> **WORK ITEM**
Transcribe the data below verbatim from the line with "Tory Burch Minnie Travel Flats- Black" to the line with "men solid mid". Include both of those lines.

> **GIVEN DATA**

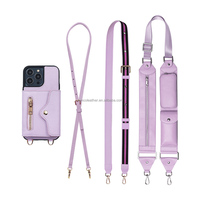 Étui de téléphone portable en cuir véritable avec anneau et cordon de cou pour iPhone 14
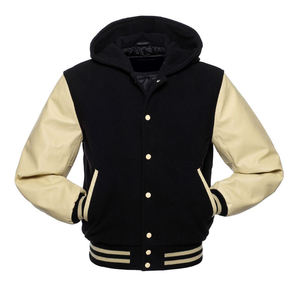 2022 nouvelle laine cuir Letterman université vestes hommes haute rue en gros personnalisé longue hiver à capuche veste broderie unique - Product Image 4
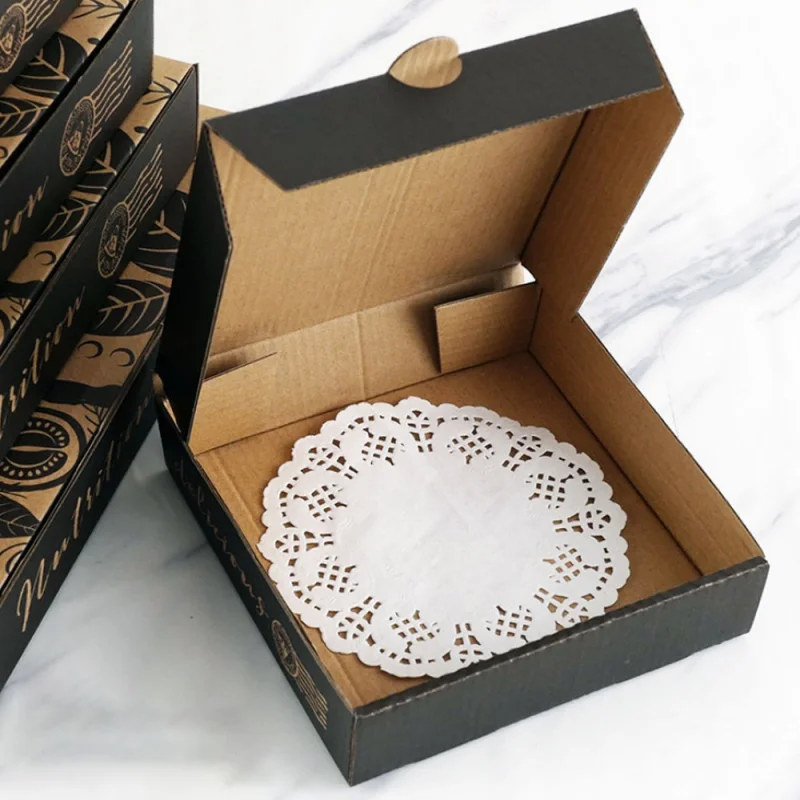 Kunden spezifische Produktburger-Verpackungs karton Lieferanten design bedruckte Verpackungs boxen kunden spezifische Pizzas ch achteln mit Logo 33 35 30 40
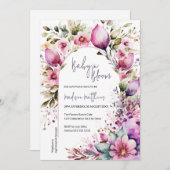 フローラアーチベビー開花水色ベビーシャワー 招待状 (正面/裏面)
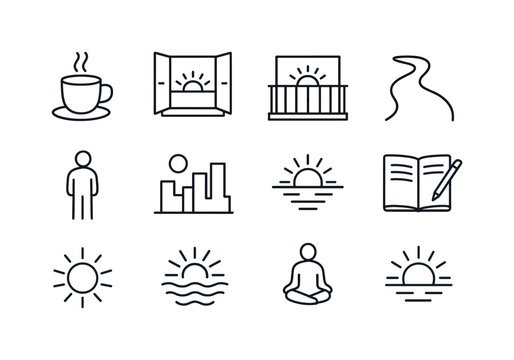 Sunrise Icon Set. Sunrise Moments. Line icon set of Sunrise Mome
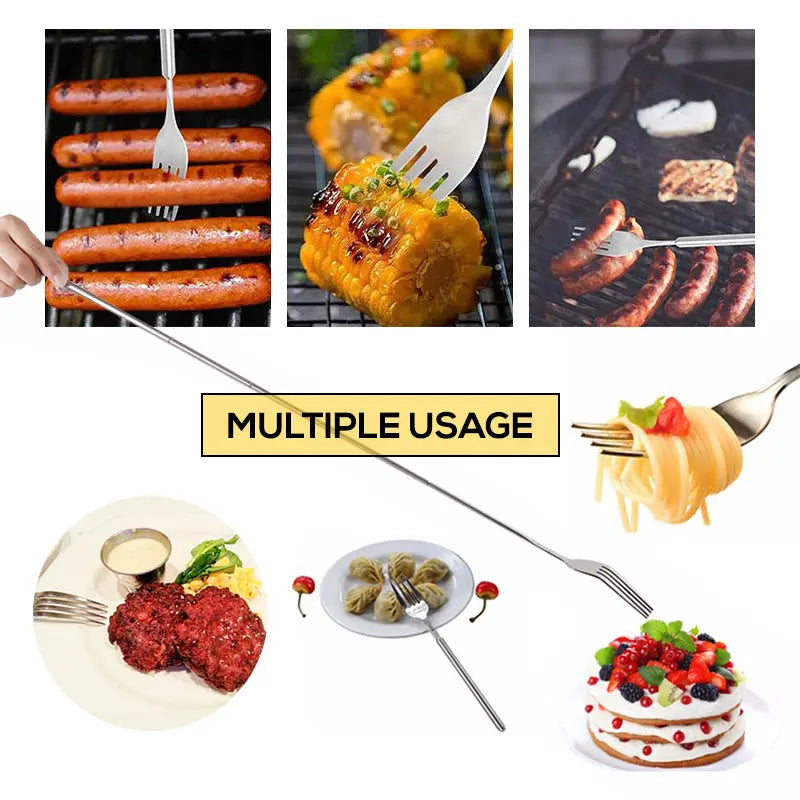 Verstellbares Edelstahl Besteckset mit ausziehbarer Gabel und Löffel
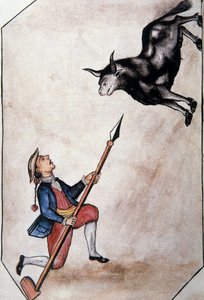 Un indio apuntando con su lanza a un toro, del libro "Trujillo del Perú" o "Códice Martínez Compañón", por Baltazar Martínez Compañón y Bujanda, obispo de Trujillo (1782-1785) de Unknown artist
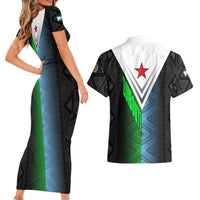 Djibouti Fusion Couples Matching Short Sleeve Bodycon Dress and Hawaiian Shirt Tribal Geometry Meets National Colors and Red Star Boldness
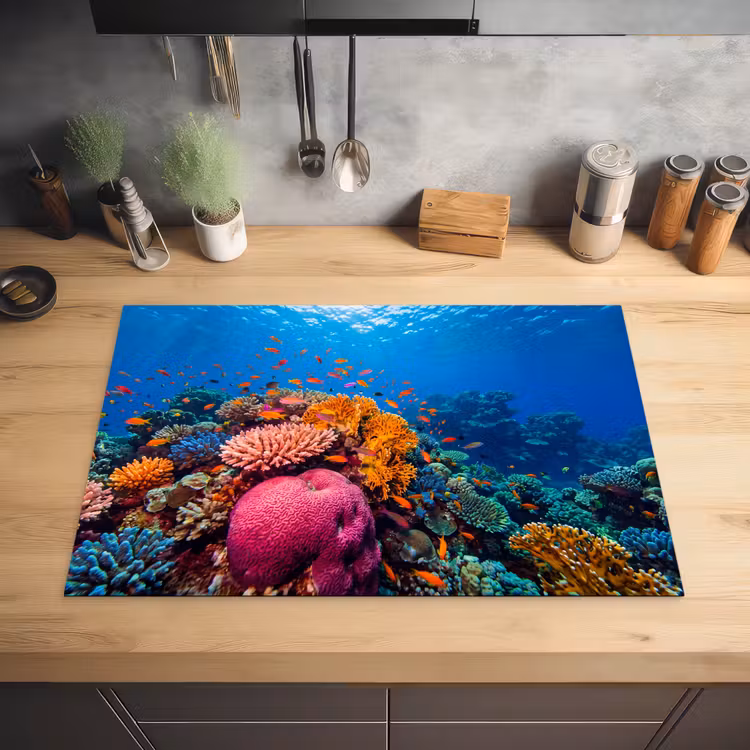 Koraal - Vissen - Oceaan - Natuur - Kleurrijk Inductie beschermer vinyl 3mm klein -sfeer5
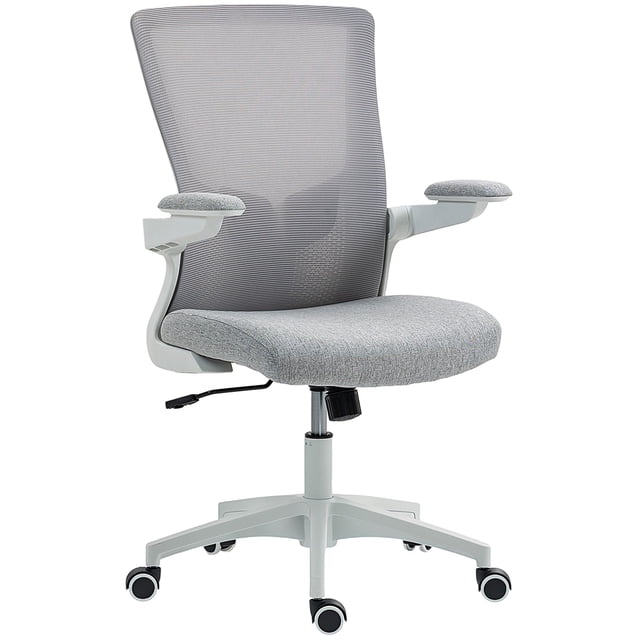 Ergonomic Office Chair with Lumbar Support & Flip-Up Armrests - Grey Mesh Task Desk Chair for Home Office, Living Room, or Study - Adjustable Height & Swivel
--
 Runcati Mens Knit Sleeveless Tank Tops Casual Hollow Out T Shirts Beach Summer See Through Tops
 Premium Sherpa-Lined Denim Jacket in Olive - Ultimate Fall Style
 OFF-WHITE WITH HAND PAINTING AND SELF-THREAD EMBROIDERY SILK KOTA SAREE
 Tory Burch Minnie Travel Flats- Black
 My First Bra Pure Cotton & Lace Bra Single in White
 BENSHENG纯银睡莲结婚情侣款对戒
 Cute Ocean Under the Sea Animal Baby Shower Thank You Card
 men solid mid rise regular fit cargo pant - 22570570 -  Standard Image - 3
* * *
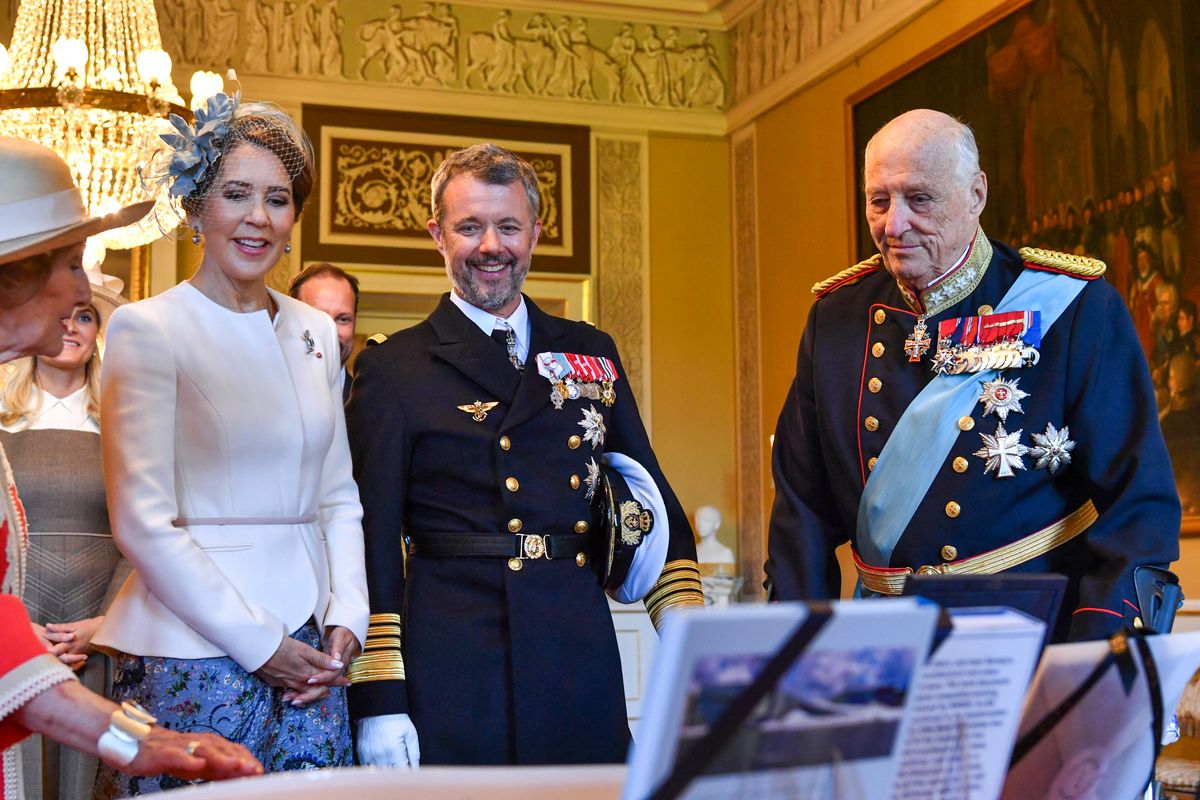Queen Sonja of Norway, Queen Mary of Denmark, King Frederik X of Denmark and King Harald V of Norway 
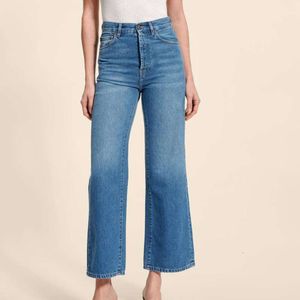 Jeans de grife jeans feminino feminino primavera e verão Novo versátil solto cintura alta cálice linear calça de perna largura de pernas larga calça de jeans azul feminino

> **REPLY**
 Tory Burch Minnie Travel Flats- Black
 My First Bra Pure Cotton & Lace Bra Single in White
 BENSHENG纯银睡莲结婚情侣款对戒
 Cute Ocean Under the Sea Animal Baby Shower Thank You Card
 men solid mid rise regular fit cargo pant - 22570570 -  Standard Image - 3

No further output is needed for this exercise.